In an Honors or AP course, lenses and mirrors are covered both quantitatively and qualitatively. This means that students must be able to draw ray diagrams to show the location and size of an image; AND they must be able to calculate image position and size using equations.
The trick to teaching geometric optics at this level is to ignore the calculational piece. Let the students figure out on their own how to use the calculator to solve the thin lens equation. Instead, practice drawing ray diagrams; and practice identifying the signs of each term in the relevant equations.
How I teach ray diagrams:
I only teach two principal rays for each optical instrument. Why? Simplicity. Student difficulty in geometric optics does not come from the concepts themselves; the trouble is that all these lenses, mirrors, principal rays, objects, images, arrows, blend together.

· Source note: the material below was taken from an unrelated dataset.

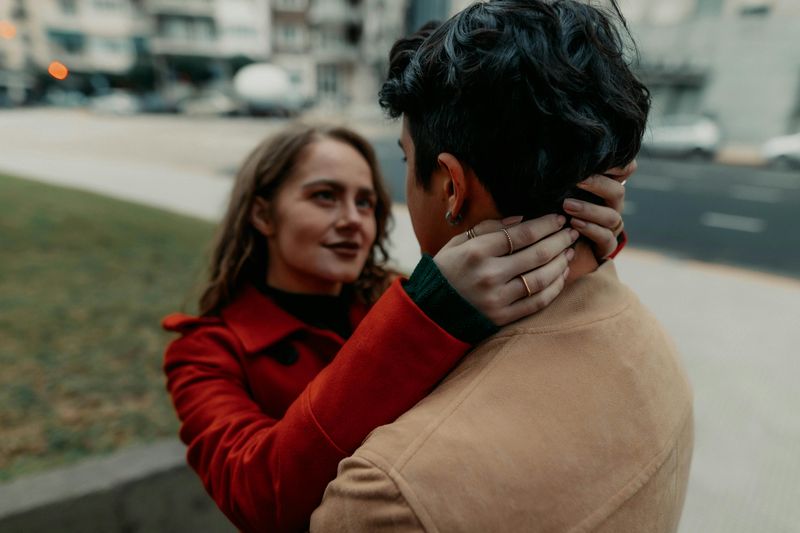 He Enjoys Your Efforts But Don't Reciprocate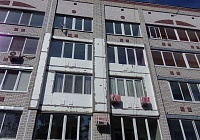 Улица Фокина, 49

So for mirrors, I teach two rays only: Parallel rays reflect to or from the focal point; rays toward the focal point reflect parallel to the principal axis. For lenses, parallel rays either converge to or diverge from a focal point; rays through the center are unbent.
When the class practices drawing ray diagrams, I make them use these templates that I sketched out. (Can you tell I flunked art class in seventh grade?) The point is twofold: the templates force the students to use a full page for each diagram rather than cramming the diagram into a corner; and the rough sketch of the curved mirror saves the students from wasting all sorts of time using compasses or large circular objects to draw the mirror.*
* Seriously, before I used the template, a single mirror diagram could take a perfectionist student half an hour to complete, because he would obsess over the precision of the circular mirror shape.
We identify by measurement the five relevant variables on each ray diagram: image distance, object distance, focal length, image height, and object height. I've pre-drawn a table in the corner listing these variables in a column begging to be filled in. The students get used to measuring di, do, and f along the principal axis, starting from the mirror or lens.
Here, the trick is to require the students to include a sign for each entry. What students think of as their failure to solve the thin lens equation correctly is almost never a true "math error:" rather, they generally screw up the signs of the terms in the equation. So instead of practicing the calculation, we practice identifying signs.
To simplify the conventions:
* converging instruments have positive focal length; diverging instruments have negative focal length.
* real images have positive image distance; virtual images have negative image distance.
* all object distances are positive [at this level].
* object and image heights are positive above the principal axis, negative below the principal axis.
I emphasize that for this exercise, a value without a sign is automatically marked wrong. If a quantity is positive, I must see a + sign. Otherwise, it's way too easy for a student to get most of the available credit by just putting numbers in the table; "oh, you know I meant positive, give me credit" is a disingenuous complaint when the whole point of the exercise is to force students NOT to assume that every measurement should be plugged in to the equation as positive.
It's worth practicing these diagrams for all four optical instruments until the students are bored with them. Then optics questions on an AP or final exam will be thought of as free points.